> **SOURCE MATERIAL**:

*-*-*

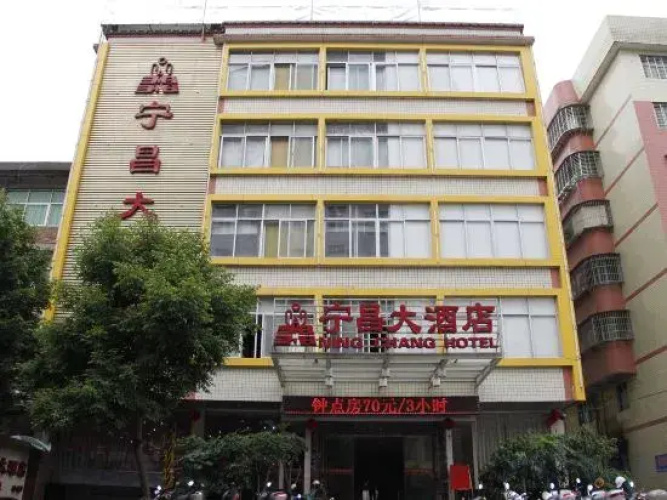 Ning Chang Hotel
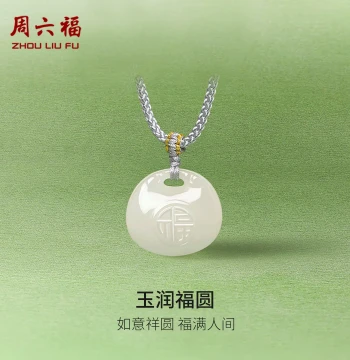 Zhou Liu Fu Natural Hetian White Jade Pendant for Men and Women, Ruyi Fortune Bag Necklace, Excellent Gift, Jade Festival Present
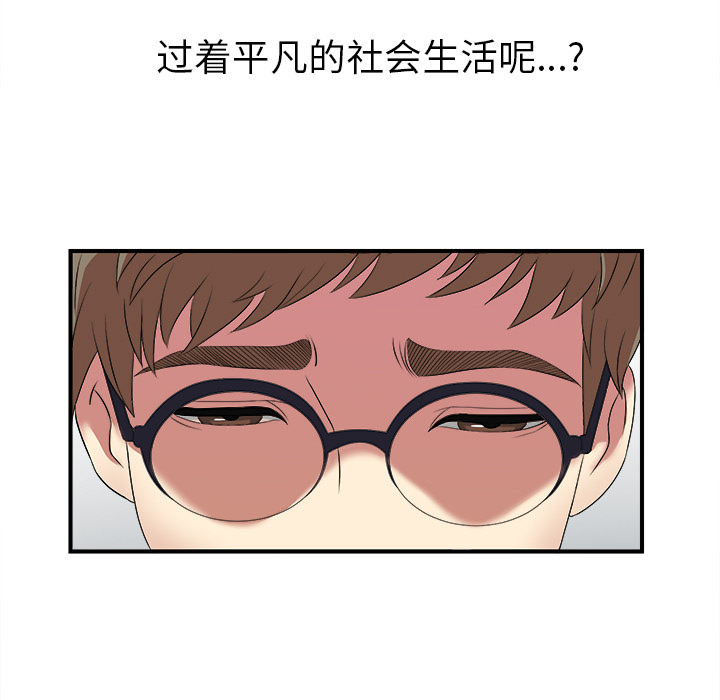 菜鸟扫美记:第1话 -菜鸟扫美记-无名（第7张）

*-*-*

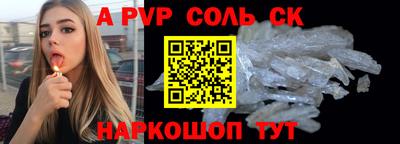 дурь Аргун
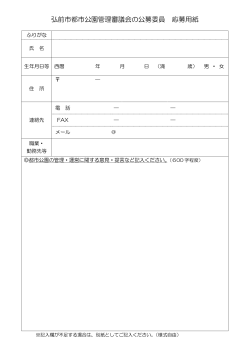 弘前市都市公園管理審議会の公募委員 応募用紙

*-*-*

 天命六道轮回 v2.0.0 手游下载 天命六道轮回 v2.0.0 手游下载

*-*-*

> **PROBLEM DESCRIPTION**:
Using the data above, copy exactly the lines from the one containing "Ning Chang Hotel" to the one containing "菜鸟扫美记:第1话 -菜鸟扫美记-无名（第7张）", inclusive. Exclude the pictures.

> **REPLY**:
 Ning Chang Hotel
 Zhou Liu Fu Natural Hetian White Jade Pendant for Men and Women, Ruyi Fortune Bag Necklace, Excellent Gift, Jade Festival Present
 菜鸟扫美记:第1话 -菜鸟扫美记-无名（第7张）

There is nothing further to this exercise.